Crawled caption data
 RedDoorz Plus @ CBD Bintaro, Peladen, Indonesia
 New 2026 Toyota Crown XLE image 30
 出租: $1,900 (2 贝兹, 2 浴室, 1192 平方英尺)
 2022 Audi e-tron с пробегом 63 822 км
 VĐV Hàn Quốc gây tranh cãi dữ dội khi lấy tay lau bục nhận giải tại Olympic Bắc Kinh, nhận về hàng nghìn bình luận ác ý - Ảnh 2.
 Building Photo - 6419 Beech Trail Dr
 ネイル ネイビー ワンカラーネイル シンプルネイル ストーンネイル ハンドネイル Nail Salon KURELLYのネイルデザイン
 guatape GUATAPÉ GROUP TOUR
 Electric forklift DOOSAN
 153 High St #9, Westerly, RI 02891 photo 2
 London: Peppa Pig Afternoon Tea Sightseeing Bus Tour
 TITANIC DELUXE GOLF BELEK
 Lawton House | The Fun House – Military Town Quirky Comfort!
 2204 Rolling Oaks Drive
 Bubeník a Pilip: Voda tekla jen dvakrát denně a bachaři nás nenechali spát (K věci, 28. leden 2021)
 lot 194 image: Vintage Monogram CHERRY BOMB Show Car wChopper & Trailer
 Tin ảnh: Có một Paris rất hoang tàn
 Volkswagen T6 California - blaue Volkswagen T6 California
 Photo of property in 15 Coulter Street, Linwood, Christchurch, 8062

# [Assignment]
The answer should hold only the lines from the start of the records above through the line containing "2204 Rolling Oaks Drive", each set down exactly.

# [Solution to this problem]
 RedDoorz Plus @ CBD Bintaro, Peladen, Indonesia
 New 2026 Toyota Crown XLE image 30
 出租: $1,900 (2 贝兹, 2 浴室, 1192 平方英尺)
 2022 Audi e-tron с пробегом 63 822 км
 VĐV Hàn Quốc gây tranh cãi dữ dội khi lấy tay lau bục nhận giải tại Olympic Bắc Kinh, nhận về hàng nghìn bình luận ác ý - Ảnh 2.
 Building Photo - 6419 Beech Trail Dr
 ネイル ネイビー ワンカラーネイル シンプルネイル ストーンネイル ハンドネイル Nail Salon KURELLYのネイルデザイン
 guatape GUATAPÉ GROUP TOUR
 Electric forklift DOOSAN
 153 High St #9, Westerly, RI 02891 photo 2
 London: Peppa Pig Afternoon Tea Sightseeing Bus Tour
 TITANIC DELUXE GOLF BELEK
 Lawton House | The Fun House – Military Town Quirky Comfort!
 2204 Rolling Oaks Drive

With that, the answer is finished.